In a recent engagement, there was a need to build an Amazon Web Services (AWS) hosted, Microsoft .NET application, using Active Directory for authentication and AutoScale to provide scale out capacity. AutoScale, for those of you who don’t know what it is, is a mechanism that automatically deploys or destroys EC2 instances to ensure you have the appropriate capacity available for your deployed application. It can undertake this task based on a number of policies (CPU load, network load, scheduled time etc.), with integration into other AWS services like ELB and CloudWatch.

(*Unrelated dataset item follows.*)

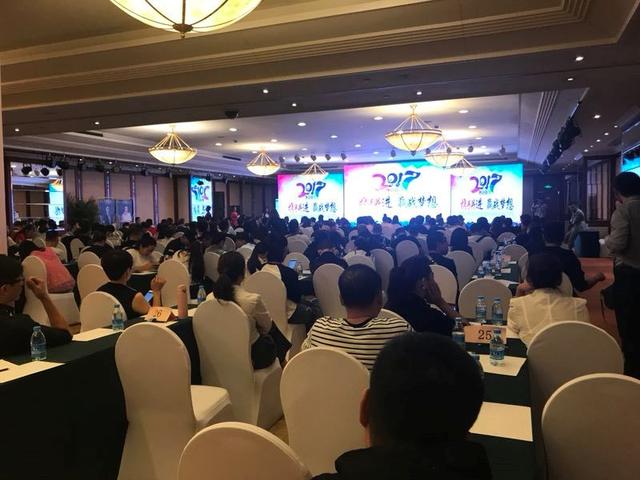 品牌微商代理招商(揭秘微商招商的核心策略！)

Back on topic, most web applications tend to be multi-tier but rely on internal authentication mechanisms such as usernames/hashed passwords within databases. Think of your typical forum, the users and passwords are stored in a database and are referenced when users login. This is typically the case where you’re dealing with publicly facing stand-alone open source web applications based on PHP, Ruby On Rails or the like. It’s not uncommon to see .NET applications deployed in this manner either, connecting to an SQL back-end using SQL authentication, as opposed to AD authentication. In this instance though, the application utilised Active Directory for certain aspects of its functionality and as such this necessitated the server to be joined to the Active Directory domain prior to it serving out requests. Given that AutoScale simply clones machines and starts them up, this meant that there would be some problems with Active Directory. For the more experienced amongst us, the answer to fixing this is pretty obvious – sysprep.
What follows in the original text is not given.